Further, the modulated channel that is provided may be Polarization-Division-Multiplexed (PDM) OOK, PDM-DPSK, PDM Quadrature Amplitude Modulated (QAM), or some combination thereof. For example, the modulated channel may be a PDM-QAM channel. In addition, OOK channels and phase-shift-keying (PSK) channels may be generated such that WDM channels that are combinations of OOK channels and PSK channels are provided.
In FIG. 1, before the two channels are multiplexed at the polarization beam combiner (PBC) 170, a time delay 180 sets a differential time delay of a predetermined amount between the carriers for the two branches prior to modulation. Alternatively, one of the channels may be delayed after modulation and prior to combination by the PBC. In other words, in some manner a delay is introduced in optical path between signal A and B. The PBC combines the two polarized beams by a simple technique for combining (i.e., superimposing) two linearly polarized beams. For example, the two beams, one vertically polarized and the other horizontally polarized, can be sent onto a thin-film polarizer such that one of the beams is reflected, the other one transmitted, and both beams then propagate in the same direction. As a result, an unpolarized beam having the combined optical power of the input beams (disregarding some parasitic losses) and the same beam quality is obtained.
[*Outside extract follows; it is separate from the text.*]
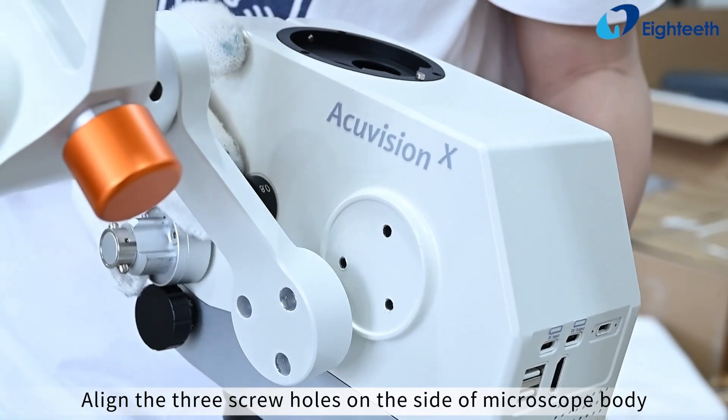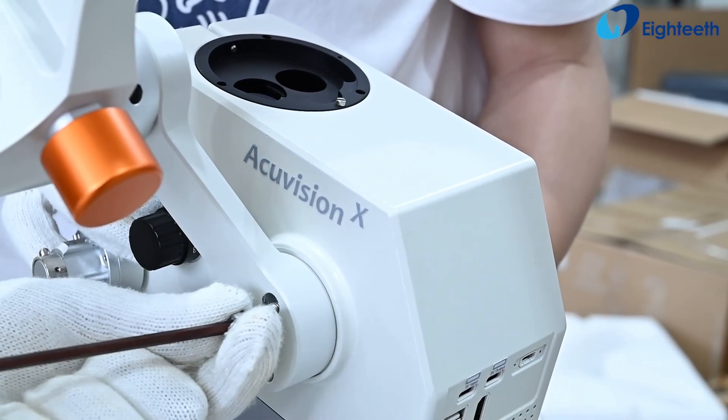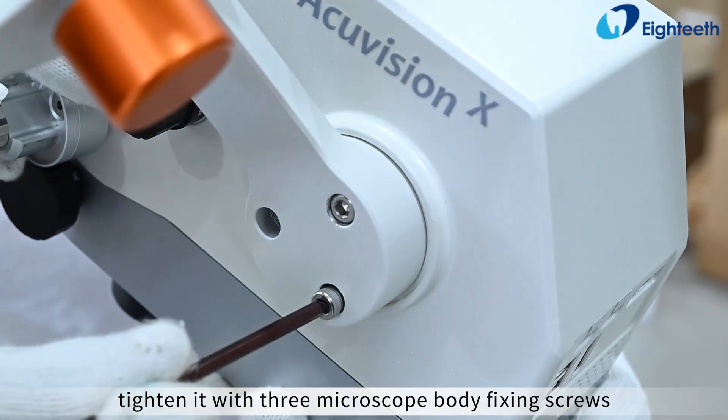Align the three screw holes on the side of the microscope body with the three through holes on the connecting arm, and tighten it with three microscope body fixing screws.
Insertion of a predetermined time delay in the optical path of one of the channels serves to concentrate RF power of the mixing between the two polarizations of the PDM signal in lower frequencies, for example, in frequencies below approximately 500 MHz or below 1000 MHz. In one embodiment, the time delay inserted into the optical path between channels is at least 3 ns. In another embodiment, the time delay between the first channel and the second channel of the resultant optical PDM signal is at least 1000 ns. The transmitter receives a first data stream (signal A) and a second data stream (Signal B), modulates the first data stream and the second data stream with a carrier thereby forming a first channel and a second channel wherein the polarization of the first channel and the polarization of the second channel are orthogonal. Either the carrier for one of the channels is delayed before modulation or a modulated channel is delayed to form a first delayed channel, and the first delayed channel multiplexed with the second channel by PBC, thereby forming an optical PDM signal. The PDM signal is transmitted across a transmission link (not shown) to an optical PDM receiver.
FIG. 2 is an exemplary block diagram of a receiver according to the principles of the invention. FIG. 2 shows one conceptual diagram embodiment of a polarization division multiplexed (PDM) receiver 200. The PDM receiver receives a PDM signal 110 that includes two orthogonal channels A and B with a first channel representing first data stream and second channel representing a second data stream, with a predetermined time delay between the first and second channels. That is; the received optical PDM signal represents two channels with a time delay between the channels representing data streams. The PDM signal is provided to a polarization controller (PC) 210. The PC converts any input state of polarization (SOP) to any selectable output state of polarization, for example, by the application of voltage to independently controlled retardation plates. Typical polarization controller devices use electro-optic materials to enable high-speed, solid-state polarization conversions in a compact package.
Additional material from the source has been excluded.